The objective of the Doctor of Philosophy degree in History is primarily, though not exclusively, the training of academic scholars for college, university, and government service. Through a mixture of seminars, independent studies, field examinations, language requirements, and a doctoral dissertation closely supervised by an advisor and faculty advisory committee, students develop the highest level of skills and command of information required for research scholarship and advanced teaching. Students are encouraged to present papers at scholarly conferences, apply for fellowships and grants, submit articles for publication, and engage actively in teaching.

To help develop teaching skills, Ph.D. students normally work as supervised teaching assistants and later on as instructors of their own courses.  Each fall, a TA training workshop is held prior to the beginning of the term, which is mandatory for all new teaching assistants. In addition, workshops are held throughout each semester; these provide a forum for exchanging ideas about classroom techniques and issues.

Degrees are offered in Early American, Modern US, US & the World, Latin America, Asia, Africa, and medieval, early modern, and modern Europe.  Upon admission to the program, the student is assigned a major advisor, who typically advises the student from the beginning of coursework through completion of the dissertation.

Course Work

Students entering the Ph.D. program with a BA must fulfill 36 credits of coursework followed by 15 credits of research, usually GRAD 6950 (Dissertation Research) but alternatively GRAD 6960. To earn a master’s degree “along the way” students in the Ph.D. program need to have completed 30 credits of coursework, pass the masters exam, and have an approved PhD Plan of Study.  Students usually take the master’s exam in the spring semester in the second year, but will still need to complete 30 credits of coursework before the master’s degree can be awarded. Students should be in touch with the History Department’s Graduate Program Assistant to make sure they are submitting appropriate paperwork to have this degree conferred.

Students entering the Ph.D. program with a non-UConn MA must fulfill 24 credits of course work followed by 15 credits of GRAD 6950 or GRAD 6960. Students entering with a UConn MA must fulfill 15 credits of course work, followed by 15 credits of GRAD 6950 or GRAD 6960. See listing of recently taught Graduate courses for reference.

All students are required to take HIST 5101 and 5102, usually in the spring and fall semesters of their first year, and to be eligible to teach their own courses, HIST 5103, usually in their last semester of coursework.

First-year doctoral students must maintain a minimum GPA of 3.3 and receive at least a grade of B on the 5102 research paper.

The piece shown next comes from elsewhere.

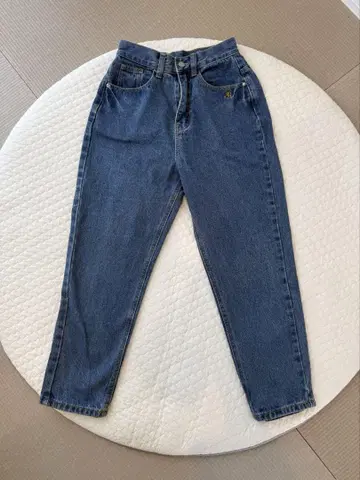 쥬메로 테이퍼드 데님 블루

Graduate courses offered by other UConn departments may be counted among the credits that students accumulate toward the Ph.D. degree (for a maximum of 6 credits). Most doctoral course work is taken at the 5000 level, although a maximum of six credits may be taken for credit at the 3000 level. Students may wish to audit lecture courses at the 2000 or 1000 level. Independent reading courses (HIST 5199) are designed to fill gaps in field preparation and are not substitutes for formal courses. Students arrange an independent study in consultation with the instructor and their major advisor. Graduate students may count up to 6 credits of graduate-level UConn History courses taken as a non-degree student towards the Ph.D.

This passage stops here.